Entre otras cuestiones formativas susceptibles de beneficiarse de la práctica artística, cabe mencionar el entrenamiento en la toma de decisiones, puesto que cuando un niño o adolescente se enfrenta al simple dilema de qué pintar o dibujar, y cómo llevarlo a cabo, desarrolla de forma natural su capacidad para decidir y solventar problemas mediante el uso de la creatividad. Aspecto que, sin duda, será de vital importancia cuando deba aplicarlo a otras situaciones de su vida que le exijan cierta autonomía. Además, en esta época en que nuestros jóvenes (y no tan jóvenes) se ven expuestos a la ingesta indiscriminada de imágenes a través de los dispositivos electrónicos, se impone una alfabetización en el lenguaje visual encaminada hacia la consecución del tan cacareado espíritu crítico. De este modo, aquellos estudiantes que hayan logrado trascender la visión superficial de las cosas hacia una percepción más profunda, obtendrán una mayor capacidad de discernimiento y aprendizaje sobre cualquier tema o materia que se sustente en la imagen. Por añadidura, el arte, al igual que sucede con el deporte, ayuda a quien lo practica asiduamente a ser más disciplinado, con todas las ventajas que esto conlleva, pues permite comprender que, para crear algo o lograr un cierto nivel de calidad y eficacia en la expresión, deben invertirse tiempo, estudio y esfuerzo. Cuestiones que también facilitan la automotivación y la capacidad de competir con uno mismo, lo que brindará una mayor autonomía a la hora de tomar decisiones que influyan en el resultado de nuestro trabajo.

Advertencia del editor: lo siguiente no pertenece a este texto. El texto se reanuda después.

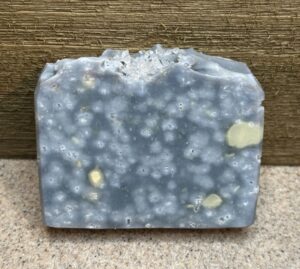 Aqua Spa Salt Bar Soap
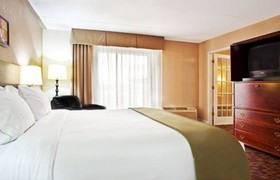 Holiday Inn Express Rolling Meadows - Schaumburg Area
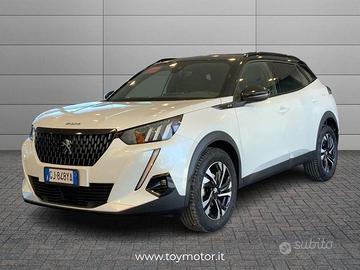 Peugeot 2008 2nd serie BlueHDi 110 S&S GT
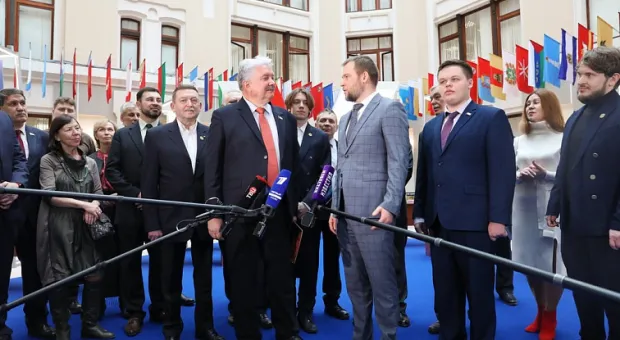 Новости России - Недостатки выявили в документах самовыдвиженцев на выборах президента РФ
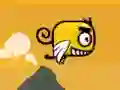 Jwèt Fly Monster sou entènèt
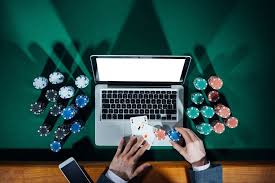 Discover the Excitement of MadCasino Online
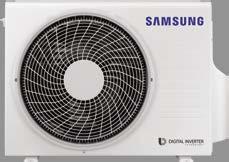 Nowości 2018 Żegnajcie przeciągi, witaj Samsung WindFree WindFree Ultra WindFree Optimum Dzięki do 21 000 mikrootworów w panelu przednim technologia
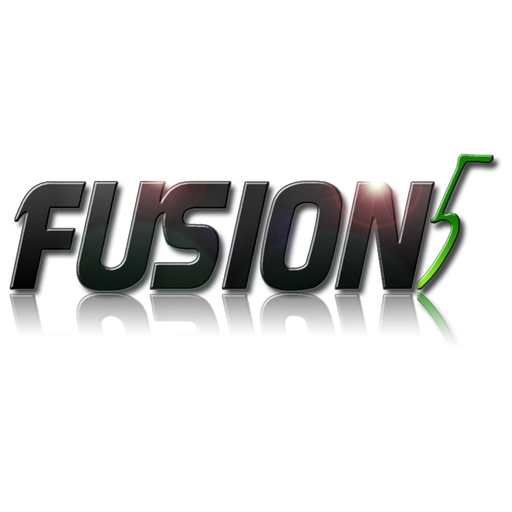 Fusion5 Smart Watch 1 app icon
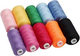 Hilos Economicos  Colores Varios x 1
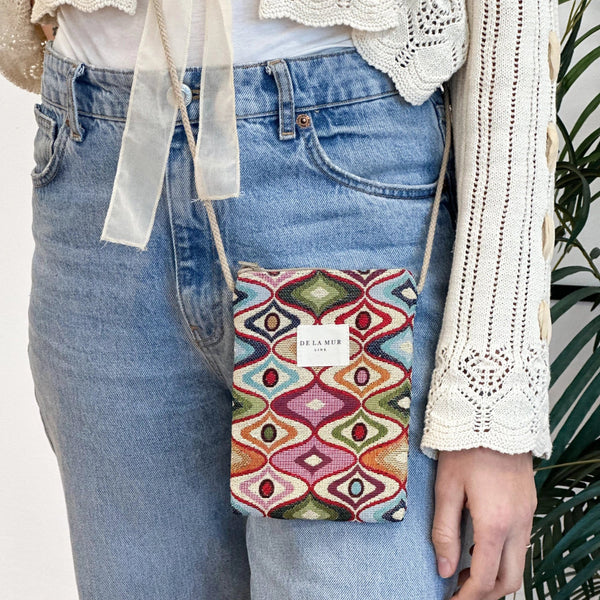 Mobile Bag - Seti - Distinctly Living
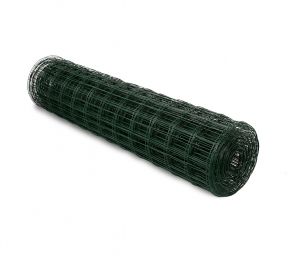 Tvoros tinklas, virintas, 2000 mm, 50x63 mm, ø3 mm, 25 m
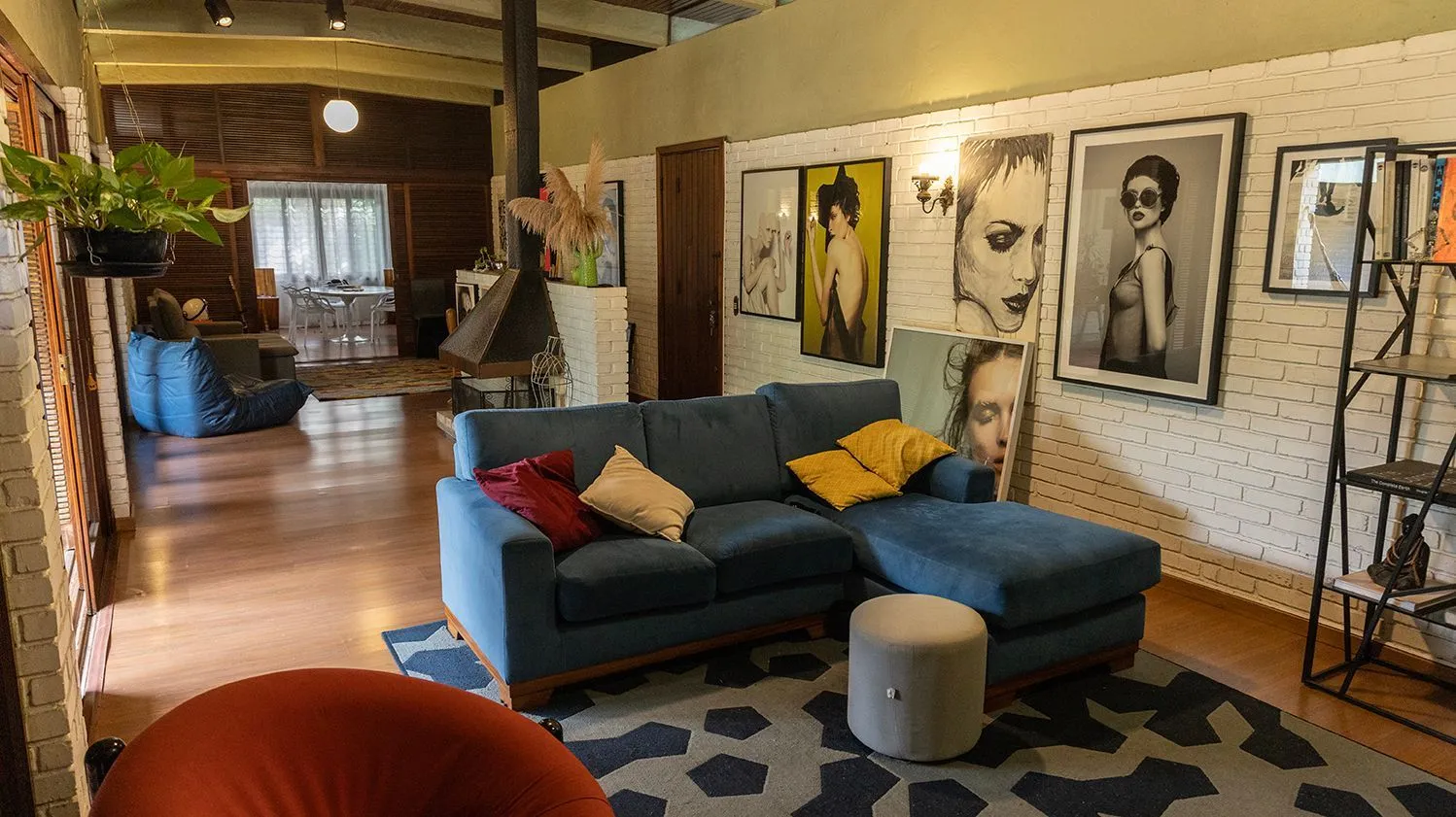 Imagem Casa em Ipanema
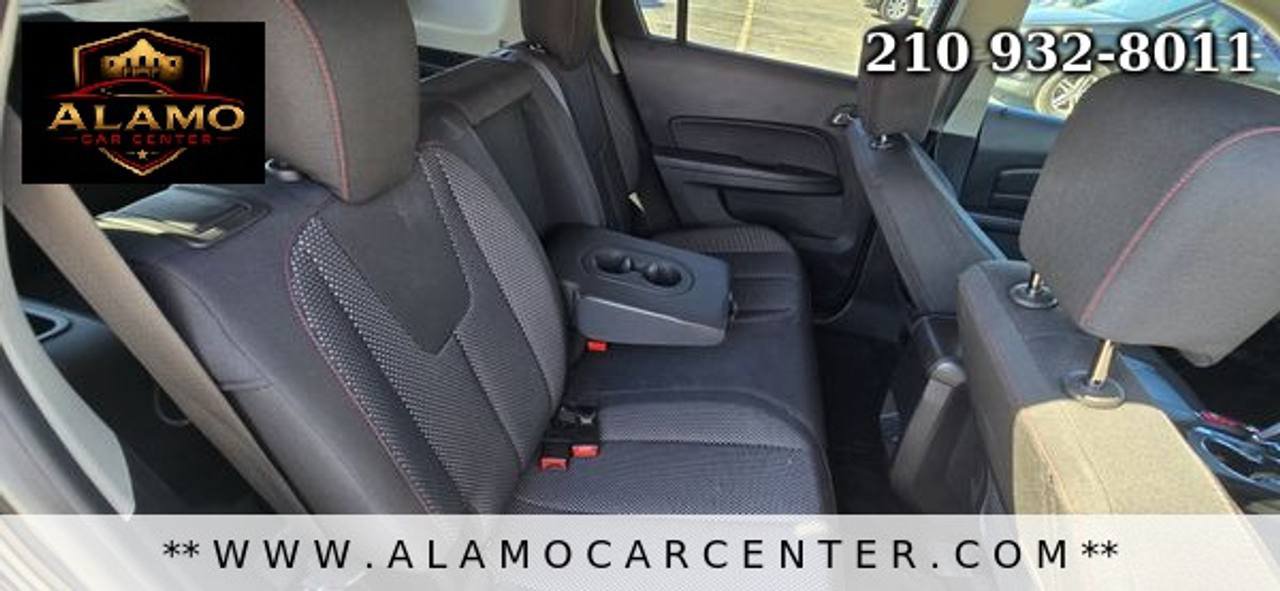 Used 2014 GMC Terrain SLE w/ Convenience Package FWD image 21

Partiendo de una idea que nunca debe abandonar el foco de las enseñanzas escolares artísticas, como es el hecho de que tal instrucción no busca necesariamente la formación de artistas, con el presente artículo hemos intentado abrir el debate sobre la necesidad de prestigiar el arte en la escuela. En definitiva, lo que busca la educación artística en conjunción con el resto de materias del currículo, es facilitar al alumno la adquisición de una serie de competencias intelectuales, sociales y emocionales básicas encaminadas hacia su desarrollo personal, lo que le ayudará sobremanera a la hora de conseguir el objetivo fundamental de toda educación, que no es otro sino acercarse lo más posible a la felicidad. Y ese es, al fin y al cabo, el verdadero aprendizaje, el que prepara de verdad a los alumnos para la vida.

Lo que es definitivo es que cualquier modelo de educación será más eficaz siempre y cuando apueste por la inclusión y potenciación de la práctica artística dentro de sus programas. La importancia que cobran estas enseñanzas en la escuela pasa por fomentar un campo de actividad que ha sido distintivo del ser humano a lo largo de toda la historia y en cualquier cultura. Si, como decíamos al principio, la sensibilidad humana es ese gran tesoro que distingue a nuestra especie, el arte, entendido como forma tangible de ese don, puede verse como el corazón de la humanidad. Y si no lo cuidamos, quién sabe cuántos latidos dará antes de detenerse para siempre; antes de que nuestra calidad humana se convierta tan sólo en el borroso reflejo de lo que fue.

Ángel García Romero

Profesor de Educación Plástica, Visual y Audiovisual (E.S.O.)